Custom Data Sources

Custom data sources allow you to extract data from third-party systems that expose data via APIs. These sources support integration responses and help retrieve content when none of the standard DRUID data source types apply.

Custom data sources can include databases, where each table represents a node, and table content represents records (such as articles). You can also use them to extract data from systems like Confluence, Zendesk, and Salesforce Ticketing/KB.

How Custom Data Sources Work

Custom Knowledge Base (KB) data sources enable DRUID to access and retrieve data from external systems using DRUID integrations (DRUID Connectors). This approach leverages DRUID's existing Hybrid Deployment capabilities to securely access on-premise data sources.

To create a custom data source, you need to configure two key processes (integrations):

  • Crawl Integration – Responsible for discovering and retrieving the structure (nodes and hierarchy) of the data source, including file nodes.
  • Extract Integration – Responsible for extracting the actual content from the files identified and retrieved by the Crawl Integration.

The Crawling Process

The crawling process is iterative, meaning it repeats until a specific condition is met.
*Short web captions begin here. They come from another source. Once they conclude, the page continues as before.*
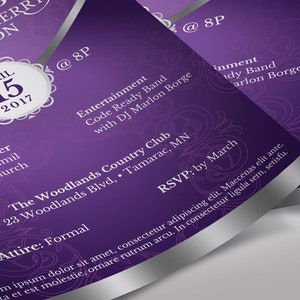 Purple Silver Anniversary Flyer Template - Word and Publisher is 5.5x8.5 inches. The Banquet Invitation is created with a deep lavender background and highlighted with silver. Great for church anniversaries, wedding anniversaries, pastor appreciation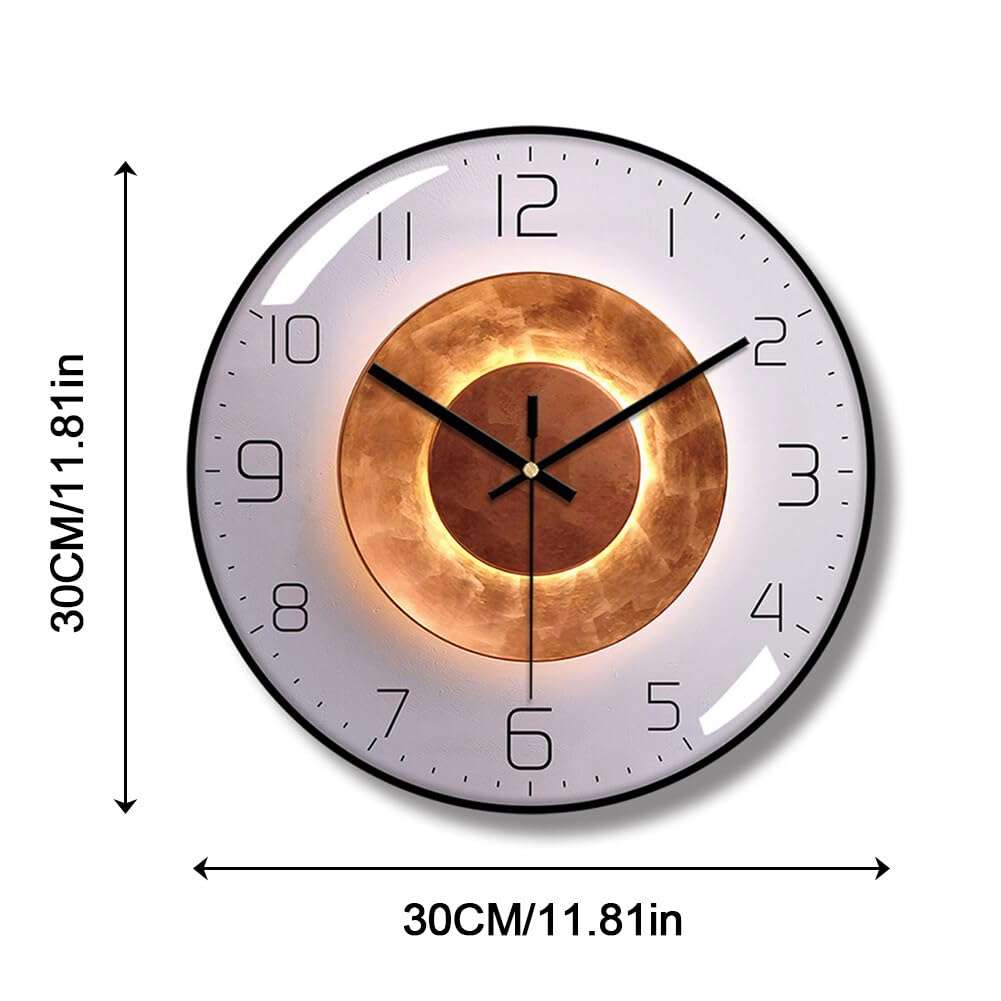 ikasus Wall Clock with LED Day to Night 12 Inch Clear Numbers Non-Ticking Silent Battery Operated Round Quartz Wall Clock for Office Bedroom Living Room Kitchen Home School Decor Type 4 6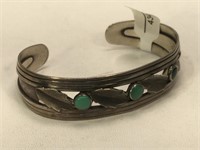 Sterling Silver SW Signed cuff bracelet - Bell -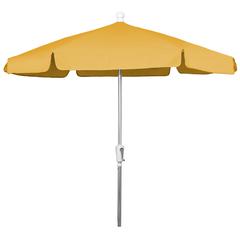 7.5' Hex Garden Umbrella 6 Rib Crank Lift In Yellow Vinyl Coated Weave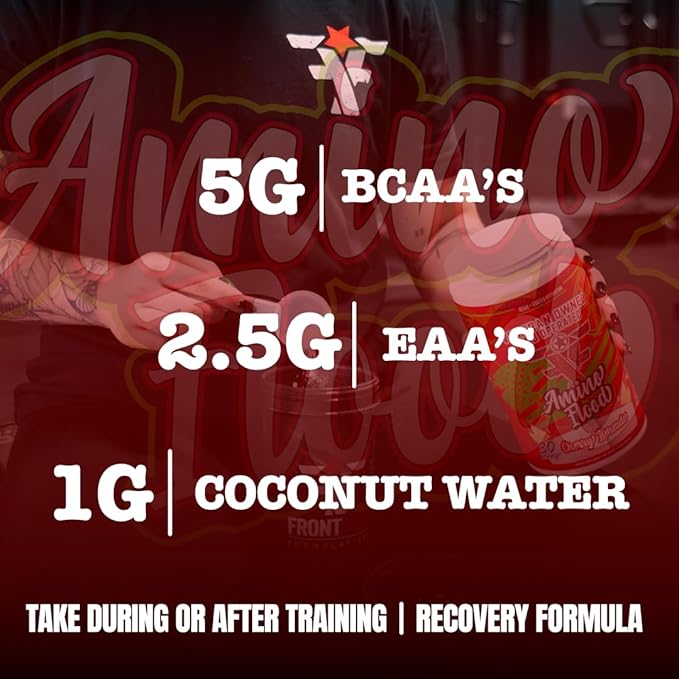 Amino Flood from Frontline Formulations - BCAA + EAA Recovery &amp Hydration Formula – Muscle Support Electrolytes &amp Endurance – Amino Acid Supplement for Intra &amp Post Workout Peach Mango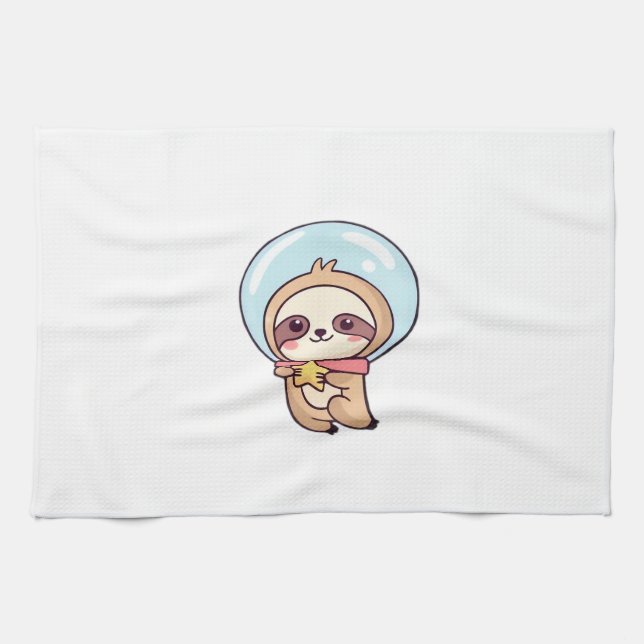Kawaii Chibi Sloth Astronaut � Cute Space Sloth Ca Tea Towel (Horizontal)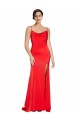 Buy Low Back Cowl Neck Formal Stretch Satin Bridesmaid Dress / Prom Dress with High Side Slit UK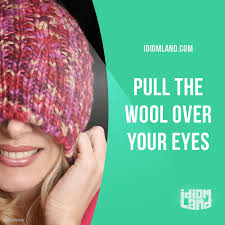 To wrinkle one's brow, especially by frowning. Idiom Land Pull The Wool Over Someone S Eyes Means To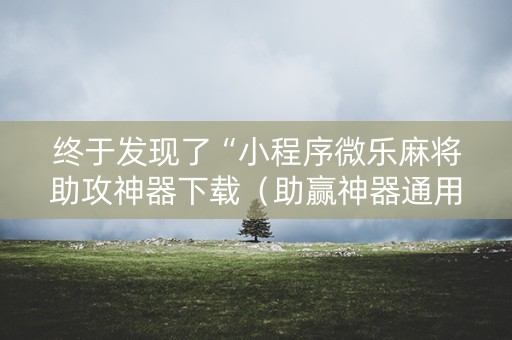 终于发现了“小程序微乐麻将助攻神器下载（助赢神器通用版）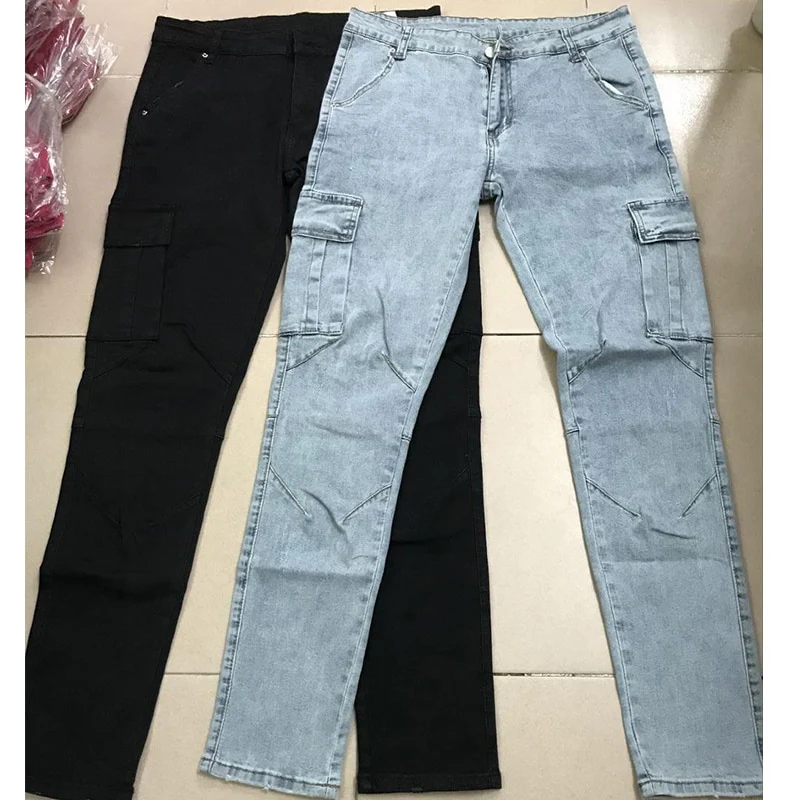 Jeans Men Pants Wash Solid Color Multi Pockets Denim Mid Waist Cargo Jeans Plus Size Fahsion Casual Trousers Male Daily Wear - Image 10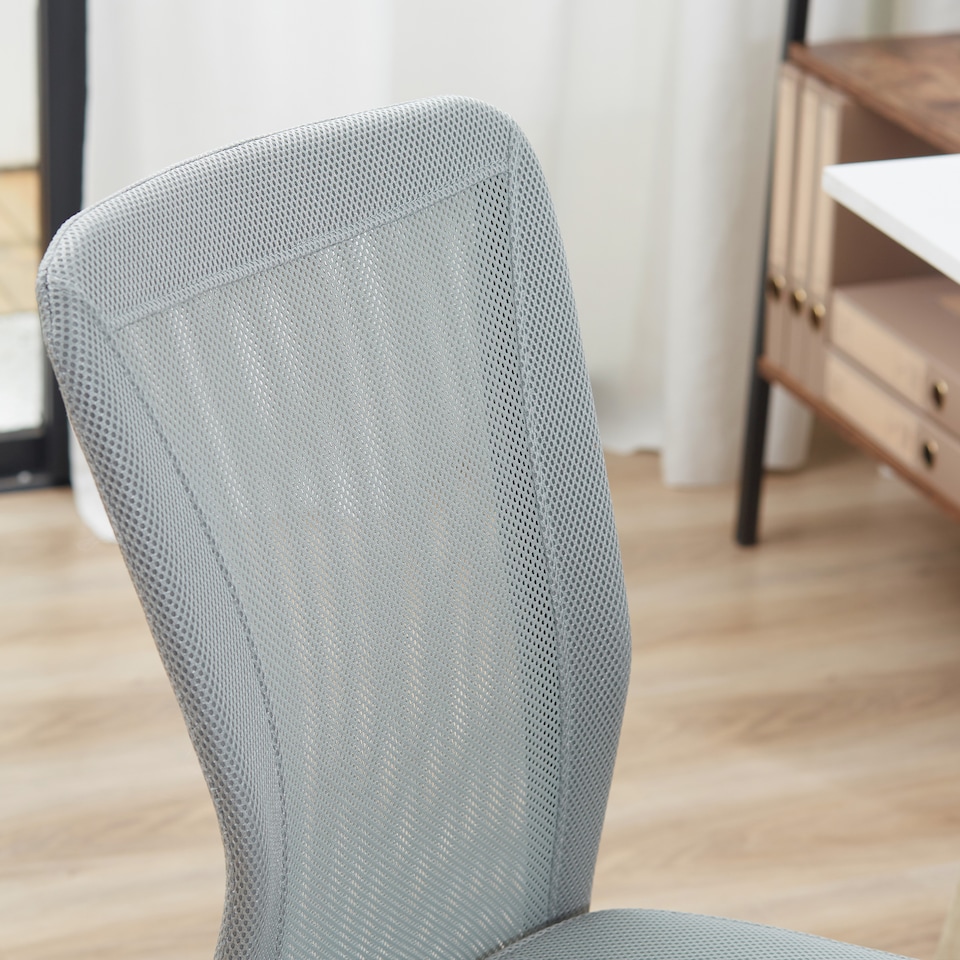 image 1 of Vinsetto Office Chair, Armless Desk Chair, Adjustable Computer Swivel Chair with Rolling Wheels and Mesh Back for Home Work Study, Grey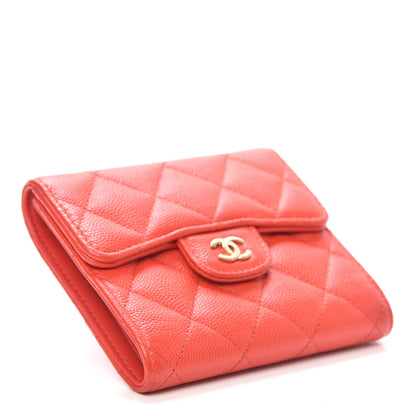 Chanel Caviar Quilted Compact Flap Wallet Red 4 of 8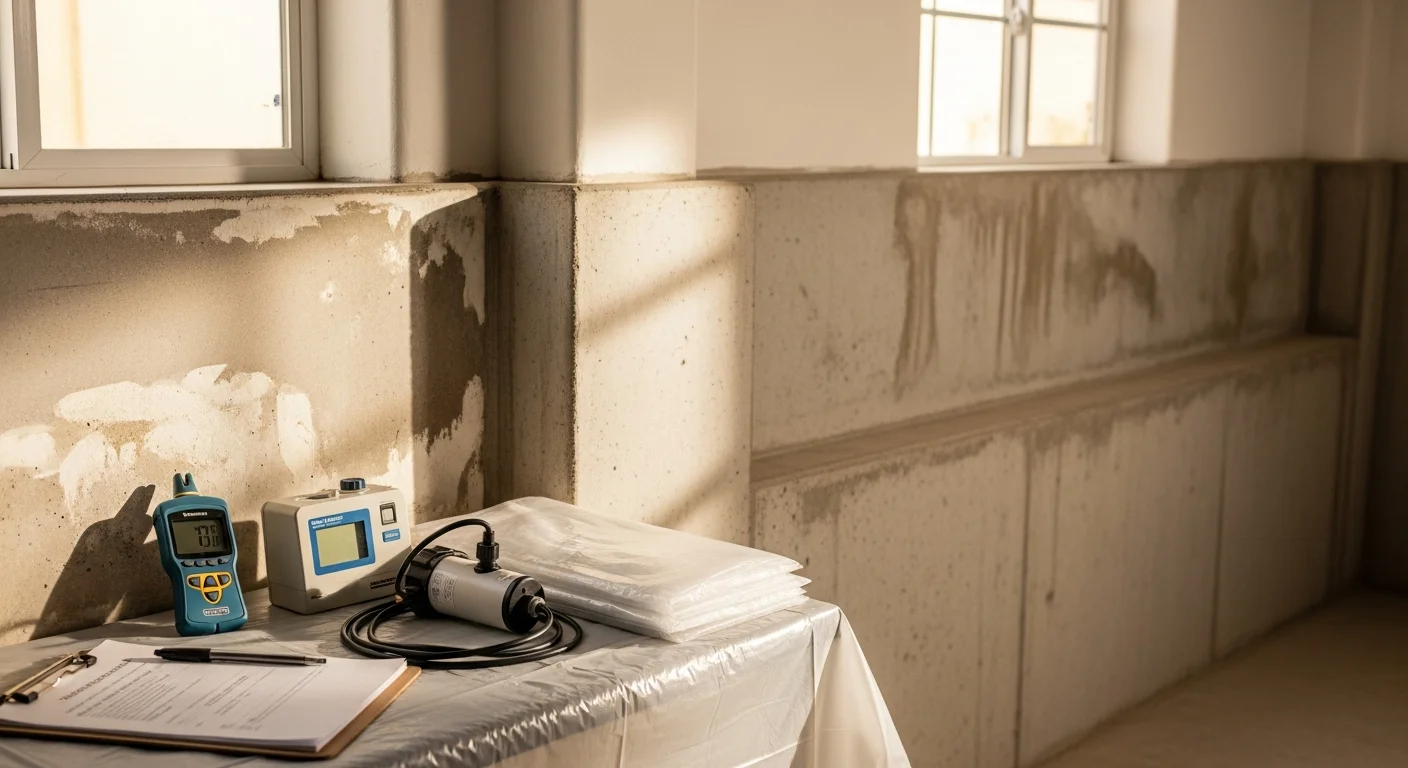 Certified mold inspector conducting air quality assessment in residential property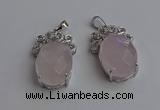 NGP6629 18*25mm faceted oval rose quartz gemstone pendants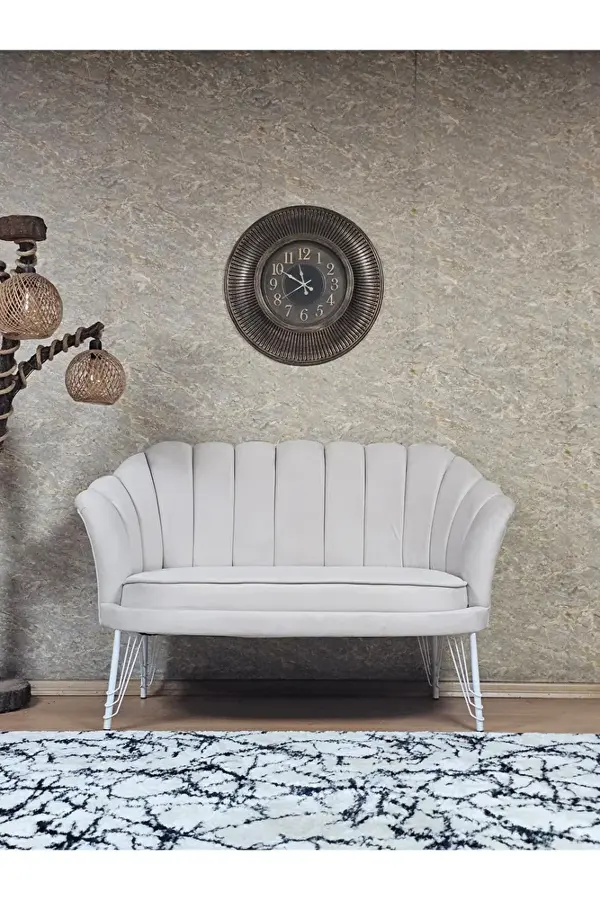 İkili İstiridye Beyaz Boyalı Telli Ayak Çay Seti Koltuk Tekli Berjer , İkili Berjer Koltuk Krem Renk 110 x 48 Boyut/Ebat - Image 1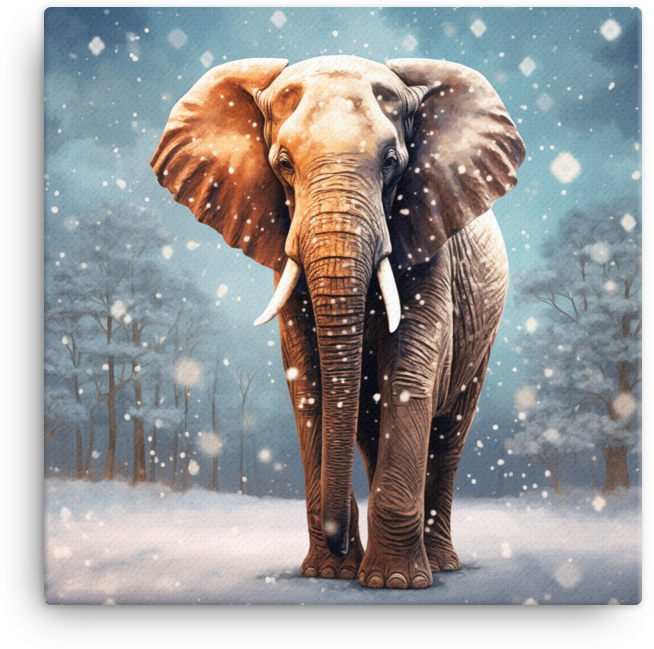 Snowy Serenity Elephant Canvas Wall Art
It starts at a defined point in the data source and retrieves nodes and their immediate child nodes. This process continues, exploring each level of the hierarchy, until one of the following occurs:

  • Crawl Depth limit reached: The crawling process reaches the maximum depth level specified in the crawling configuration.
  • No more child nodes available: The crawling process reaches a point in the hierarchy where a node has no further child nodes.

The Crawl integration is executed for each node during the crawling process. The number of times it's executed depends on the configured crawl depth.

For example:

  • Depth = 1: The integration runs once at the root level (level 0) and retrieves all direct child nodes of the root.
  • Depth = 2: The integration runs for the root node (level 0) and then once for each of its direct child nodes (level 1). If the root node has 10 child nodes, the integration executes 11 times in total (once for the root and once for each child node).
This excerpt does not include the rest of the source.